Inquadrando la crisi climatica non come una «catastrofe naturale» o qualcosa che sta accadendo in un lontano «altrove», ma piuttosto come uno sconvolgimento antropico, legato a un’epoca storica specifica (definita da alcuni «Antropocene» e da altri «Capitalocene»), l’esposizione vuole dimostrare che per rappresentare meglio il fenomeno sia necessario riconoscere come i mezzi di rappresentazione a noi più familiari siano enormemente implicati nelle dinamiche che sottendono all’economia capitalista, la quale si fonda sull’estrazione e il trattamento delle risorse naturali.

Lo studio dei materiali alla base del processo fotografico (dal rame, l’argento, il sale e l’oro agli albori della fotografia, fino alle terre rare e metalli come il coltan, il cobalto e l’europio nell’odierna era digitale) fornisce la conferma che lo sviluppo del mezzo è sempre dipeso dal commercio globale di materie prime e dallo sfruttamento umano e ambientale.

La rapida proliferazione che il mezzo fotografico ebbe tra gli anni ’40 e ’50 del XIX secolo sarebbe stata inconcepibile senza i combustibili fossili, l’espansione coloniale e lo sfruttamento dei minerali.

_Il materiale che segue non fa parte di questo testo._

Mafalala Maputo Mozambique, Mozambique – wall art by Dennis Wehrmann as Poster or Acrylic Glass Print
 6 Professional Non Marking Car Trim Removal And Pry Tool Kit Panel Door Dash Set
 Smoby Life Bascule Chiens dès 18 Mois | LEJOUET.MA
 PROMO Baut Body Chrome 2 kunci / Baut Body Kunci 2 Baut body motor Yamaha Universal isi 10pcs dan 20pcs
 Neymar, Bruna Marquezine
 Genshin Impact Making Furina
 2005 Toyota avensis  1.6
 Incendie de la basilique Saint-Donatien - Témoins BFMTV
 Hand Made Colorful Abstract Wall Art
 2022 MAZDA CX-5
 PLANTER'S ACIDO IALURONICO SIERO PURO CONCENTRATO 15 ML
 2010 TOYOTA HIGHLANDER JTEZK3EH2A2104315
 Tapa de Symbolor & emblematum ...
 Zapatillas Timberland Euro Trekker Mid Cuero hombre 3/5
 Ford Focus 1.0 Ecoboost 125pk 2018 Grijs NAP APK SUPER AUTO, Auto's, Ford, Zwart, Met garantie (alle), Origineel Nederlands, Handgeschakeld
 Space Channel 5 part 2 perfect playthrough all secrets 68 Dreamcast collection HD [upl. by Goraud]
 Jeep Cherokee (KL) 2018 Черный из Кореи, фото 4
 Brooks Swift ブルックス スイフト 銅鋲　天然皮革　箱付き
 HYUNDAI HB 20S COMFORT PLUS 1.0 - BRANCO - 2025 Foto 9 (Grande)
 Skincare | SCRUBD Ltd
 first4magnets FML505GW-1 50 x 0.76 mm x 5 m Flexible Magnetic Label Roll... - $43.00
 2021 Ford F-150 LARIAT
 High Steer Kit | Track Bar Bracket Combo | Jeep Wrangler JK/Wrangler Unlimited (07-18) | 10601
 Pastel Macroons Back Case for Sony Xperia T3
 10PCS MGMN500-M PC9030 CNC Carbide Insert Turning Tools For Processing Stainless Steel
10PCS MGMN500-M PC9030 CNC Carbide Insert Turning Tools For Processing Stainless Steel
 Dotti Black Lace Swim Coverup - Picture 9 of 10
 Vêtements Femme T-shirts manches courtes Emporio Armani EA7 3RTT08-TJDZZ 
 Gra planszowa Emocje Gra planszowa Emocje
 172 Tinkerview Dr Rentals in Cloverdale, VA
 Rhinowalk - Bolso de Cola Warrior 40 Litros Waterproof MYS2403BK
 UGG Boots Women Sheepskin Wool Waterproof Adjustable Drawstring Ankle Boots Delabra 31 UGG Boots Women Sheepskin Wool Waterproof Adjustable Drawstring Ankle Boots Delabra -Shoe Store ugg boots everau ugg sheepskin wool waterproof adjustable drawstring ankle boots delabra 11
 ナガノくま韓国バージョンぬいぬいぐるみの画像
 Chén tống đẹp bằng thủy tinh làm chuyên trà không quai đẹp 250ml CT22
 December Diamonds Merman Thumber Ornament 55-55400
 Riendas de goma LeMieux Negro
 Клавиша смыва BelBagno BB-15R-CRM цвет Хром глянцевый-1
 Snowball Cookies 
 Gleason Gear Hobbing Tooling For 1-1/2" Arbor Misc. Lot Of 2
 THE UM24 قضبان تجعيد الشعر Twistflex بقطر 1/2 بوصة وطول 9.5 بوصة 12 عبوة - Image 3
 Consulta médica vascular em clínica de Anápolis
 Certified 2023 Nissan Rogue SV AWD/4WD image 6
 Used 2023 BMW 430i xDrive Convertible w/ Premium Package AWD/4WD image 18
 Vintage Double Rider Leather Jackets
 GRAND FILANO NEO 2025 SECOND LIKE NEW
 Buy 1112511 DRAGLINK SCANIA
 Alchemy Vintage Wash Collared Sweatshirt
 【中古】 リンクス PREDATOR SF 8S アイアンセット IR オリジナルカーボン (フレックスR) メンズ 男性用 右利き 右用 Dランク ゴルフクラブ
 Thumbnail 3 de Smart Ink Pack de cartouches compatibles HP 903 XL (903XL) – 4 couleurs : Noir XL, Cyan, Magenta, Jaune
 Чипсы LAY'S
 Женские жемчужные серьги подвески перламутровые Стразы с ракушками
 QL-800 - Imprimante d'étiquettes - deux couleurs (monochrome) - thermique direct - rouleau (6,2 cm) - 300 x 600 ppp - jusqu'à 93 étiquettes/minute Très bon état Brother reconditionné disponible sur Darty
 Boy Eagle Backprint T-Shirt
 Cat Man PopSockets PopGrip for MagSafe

Oggi, dopo quasi due secoli, la gestione dei dati in cloud (sebbene pubblicizzata come la creazione di una «nuvola» effimera e virtuale) è altrettanto inquinante: i sistemi di archiviazione producono infatti emissioni di carbonio in continua crescita, che causano danni ambientali e pongono rischi crescenti per la salute.

Questi sono solo alcuni dei temi trattati dalla mostra (e dal catalogo omonimo pubblicato da Spector Books) che, attraverso una presa di posizione coraggiosa, denuncia apertamente l’impronta ecologica della fotografia, invitandoci a riconsiderare il modo in cui ci relazioniamo ad essa nel contesto di una realtà sempre più fragile.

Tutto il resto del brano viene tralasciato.